Fliegenrute mit Sinkschnur
Wenn die Wassertemperaturen im Forellensee im Winter auf wenige Grad abkühlt sind, ändern sich auch die Spielregeln beim Fliegenfischen mit der Fliegenrute. Oberflächenaktivität? Fehlanzeige. Schnelles Einstrippen? Meist wirkungslos. Wer im Winter am Forellensee erfolgreich sein möchte, muss nicht nur tief, sondern auch langsam fischen. Genau hier spielt das Fliegenfischen mit der Sinkschnur und einer speziellen Booby Montage seine größten Stärken am Forellensee aus.

Bild: Kahlstadt
Die Forellen konnten der Booby-Fliege auch bei Minus 1 Grad nicht widerstehen.
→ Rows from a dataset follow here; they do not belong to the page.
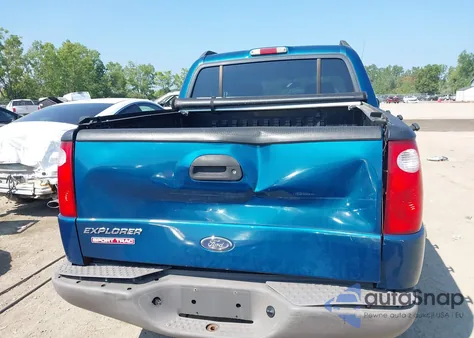 2001 Ford Explorer Sport Trac из США, поврежденный, VIN 1FMZU67E01UB58134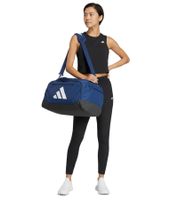 adidas Sport-Tasche nachhaltige Fußball-Tasche mit Hartschalenfach Fitnesstasche 51,5L IB8652 Dunkelblau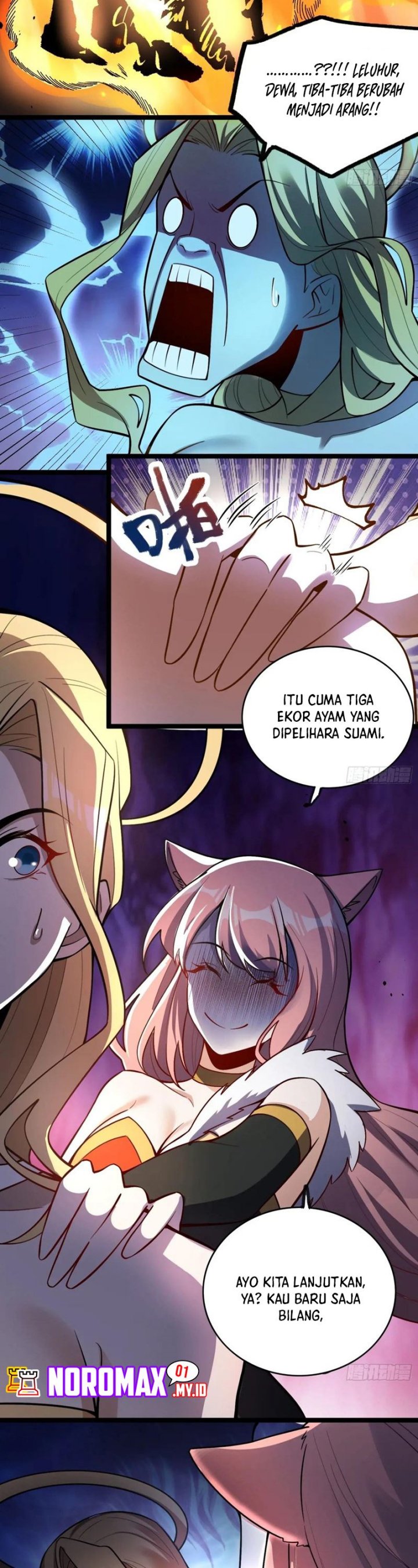 I’m Actually A Cultivation Bigshot Chapter 566 Gambar 12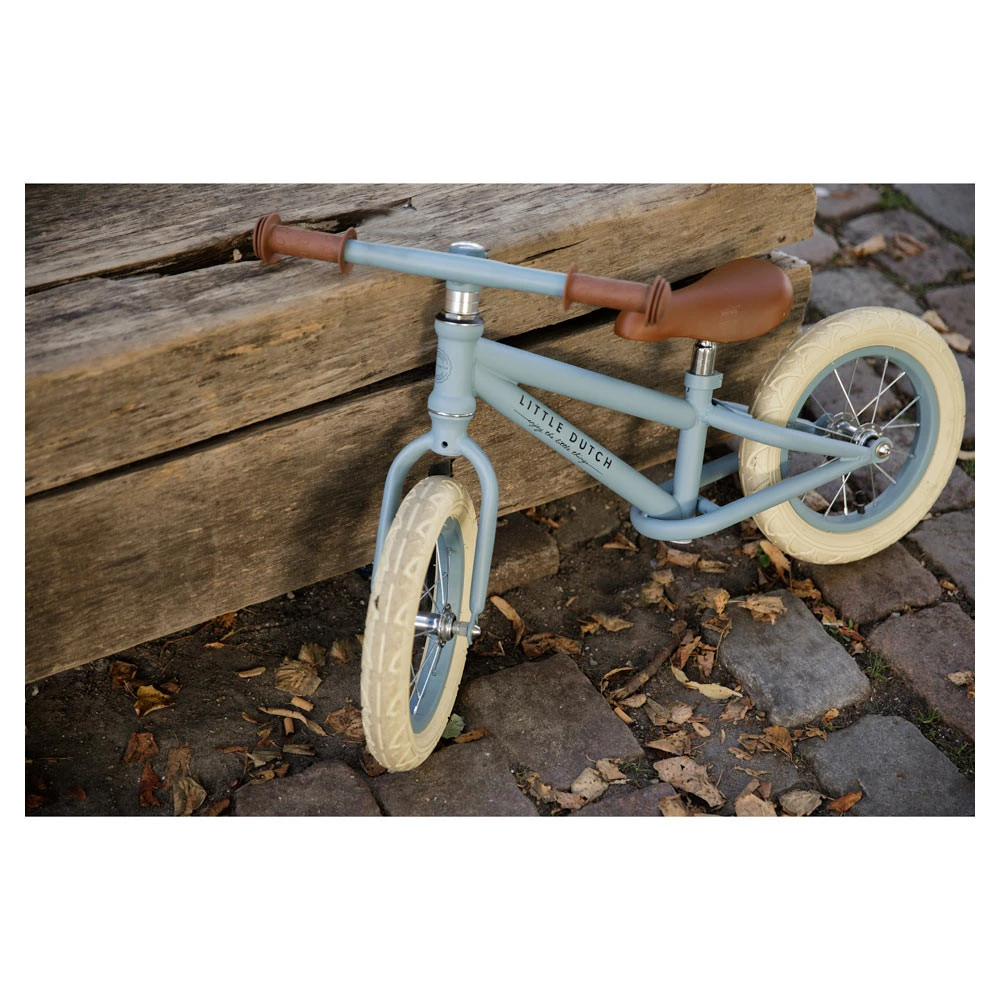 Little Dutch Loopfiets Blue Matt 22 Little Dutch Loopfiets Blue Matt - Afbeelding 20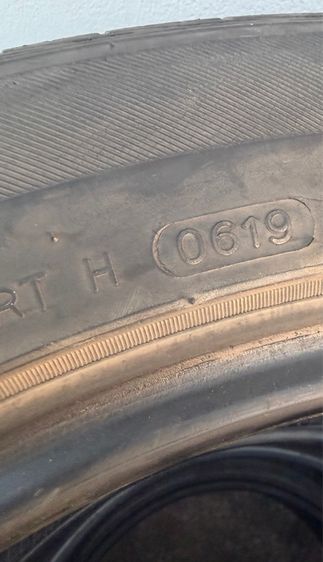 ขายยางมือสอง 4เส้น 265 50 R20 ขอบ20 hankook HP2 ปี19 รูปที่ 2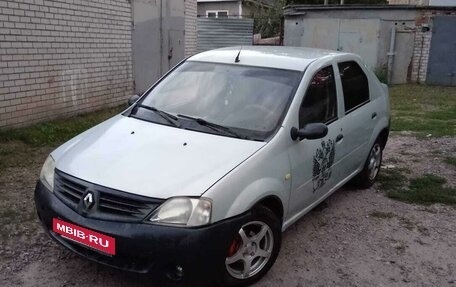 Renault Logan I, 2006 год, 188 000 рублей, 2 фотография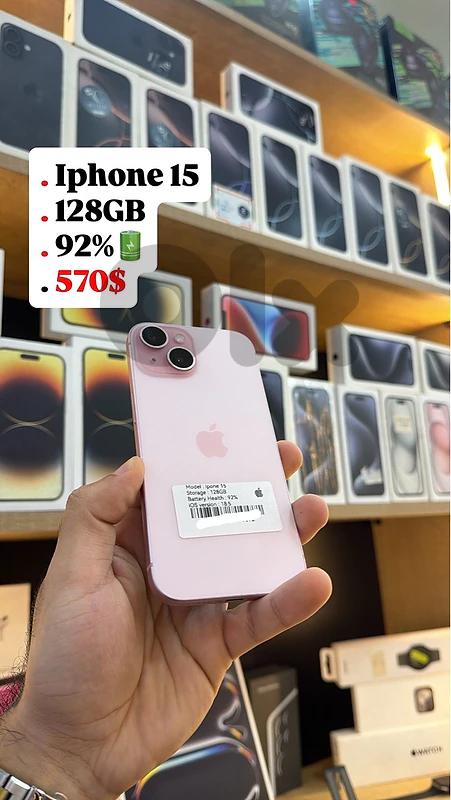 Iphone 15 - 128GB - like new condition
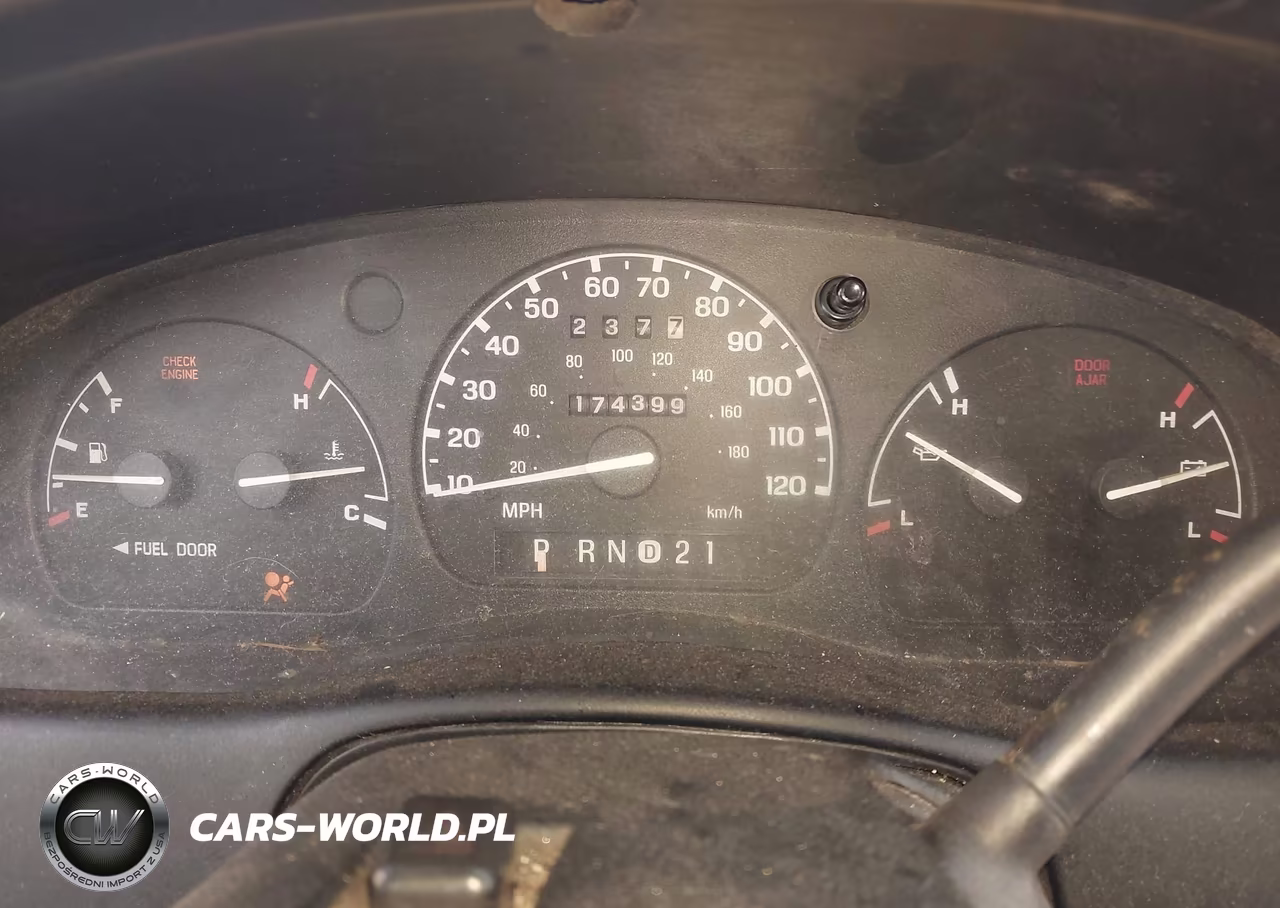 2000 Ford Ranger Xl-Xlt VIN:1FTYR14V6YPA58217 - 7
Mit der Booby tief hinunter
Im Winter halten sich die Forellen häufig sehr grundnah auf. Oft stehen sie nur 5 bis 15 cm über dem Boden. Das hat einen einfachen Grund: Dort ist die Wassertemperatur am höchsten. Klassische Nymphen oder Streamer lassen sich zwar tief anbieten, doch kaum eine Montage erlaubt es, die exakte Höhe so konstant zu halten wie die Kombination aus Gewicht und auftreibender Fliege. Ich setze im Winter bei der Fliegenrute am Forellensee auf eine Sinkschnur oder eine Schwimmschnur mit sinkender Spitze. An diese kommt ein kräftiges Vorfach von etwa 80 bis 100 cm Länge, mit einer Stärke von 0,35 bis 0,40 mm. Dadurch streckt sich die Montage besser und sinkt sauber ab. Am Ende dieses Vorfachs befestige ich eine Cheburashka-Kugel mit einem Gewicht zwischen 0,6 und 1 g. Erst danach folgt das eigentliche Tippet: 20 bis 30 cm lang, etwa 0,18 mm stark. Ganz am Ende sitzt die eigentliche Geheimwaffe am Forellensee, eine Booby Fliege.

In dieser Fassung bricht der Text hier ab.